• [Action item]
Every line of the material must be restated exactly, though not its pictures.

• [Given material]
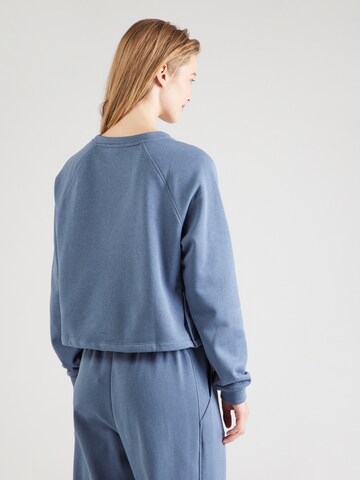 ONLY PLAY Sportsweatshirt 'ONPBOB' in Blau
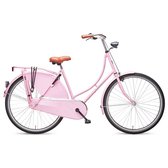 Zonix Omafiets Classic 28 Inch Licht Roze 50cm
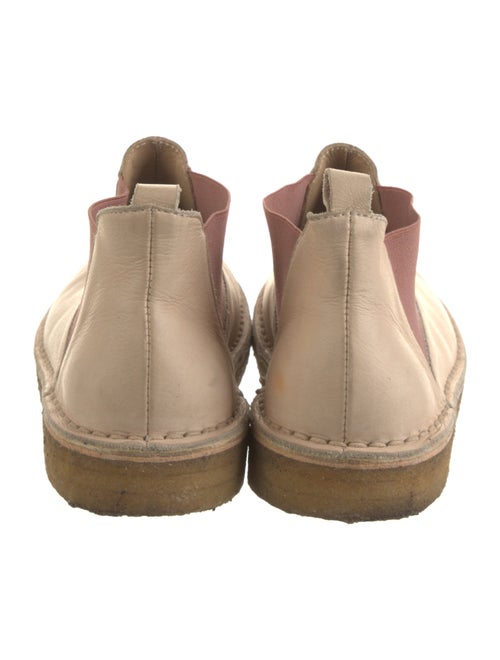 Rachel Comey Leather Chelsea Boots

• [Exercise response]
 ONLY PLAY Sportsweatshirt 'ONPBOB' in Blau
 Zonix Omafiets Classic 28 Inch Licht Roze 50cm
 Rachel Comey Leather Chelsea Boots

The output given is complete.